Material for the task:
────
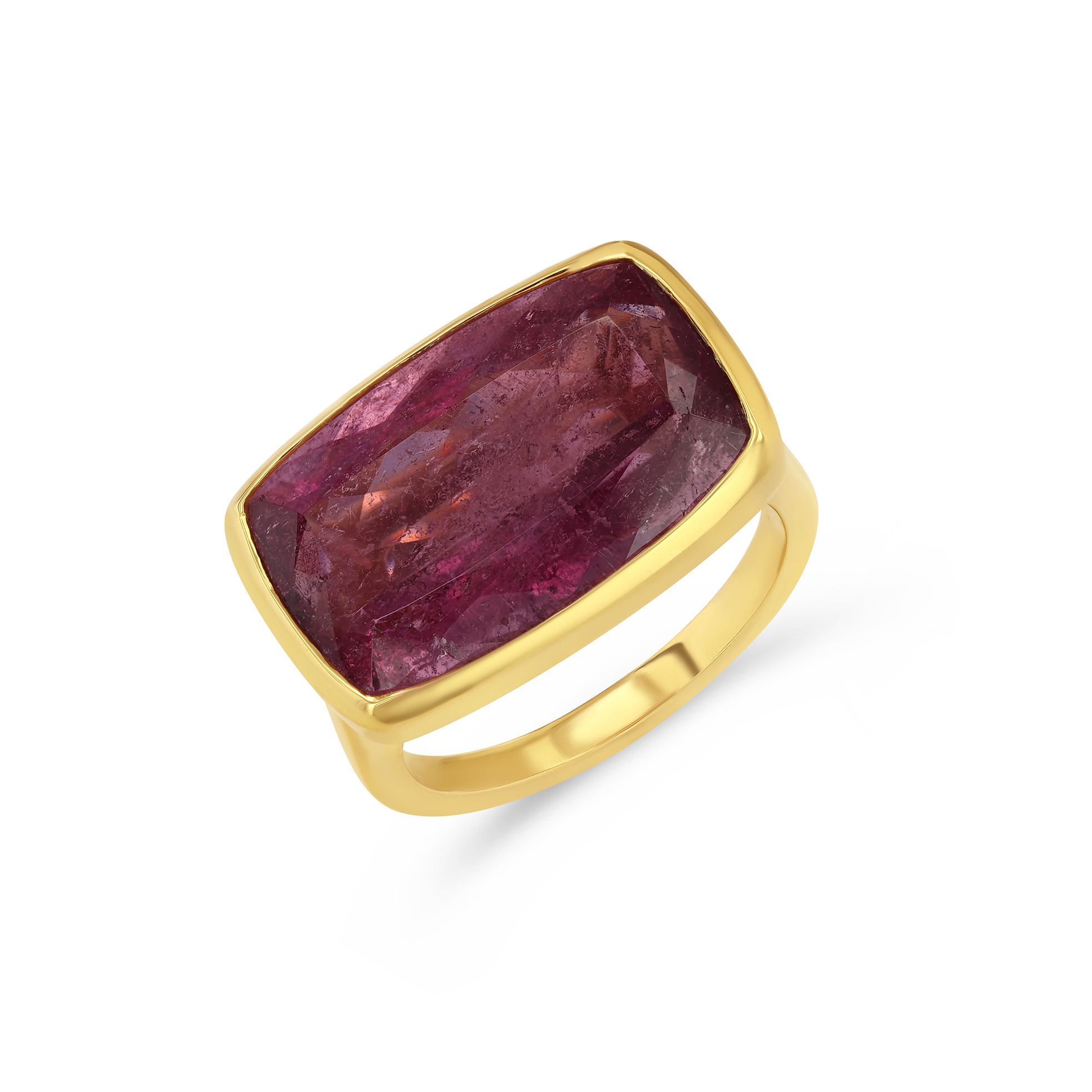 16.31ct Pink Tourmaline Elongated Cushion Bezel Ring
────
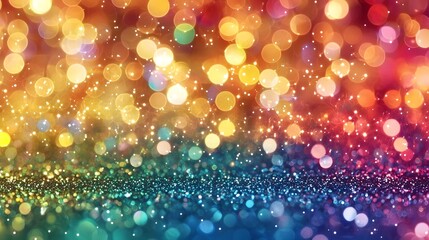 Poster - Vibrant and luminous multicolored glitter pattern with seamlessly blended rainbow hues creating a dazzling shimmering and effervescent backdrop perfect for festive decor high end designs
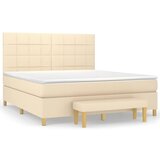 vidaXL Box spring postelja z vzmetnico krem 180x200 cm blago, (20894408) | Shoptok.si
────
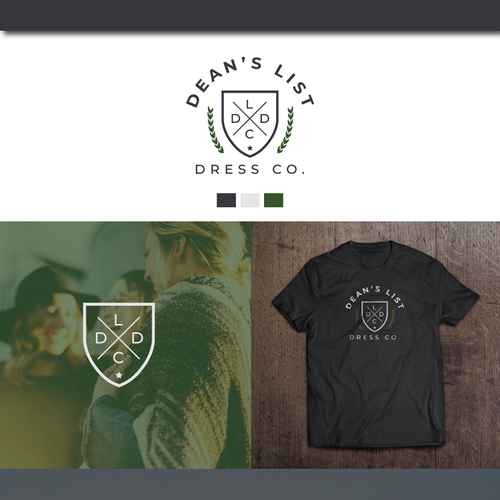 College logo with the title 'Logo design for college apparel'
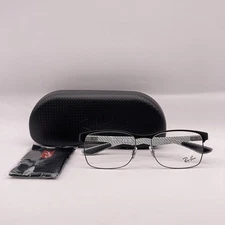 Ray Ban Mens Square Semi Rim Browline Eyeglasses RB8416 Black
────
Task:
Repeat, word for word, the lines of the material above from the one holding "College logo with" through the one holding "Ray Ban Mens". Leave out pictures.

Task response:
 College logo with the title 'Logo design for college apparel'
 Ray Ban Mens Square Semi Rim Browline Eyeglasses RB8416 Black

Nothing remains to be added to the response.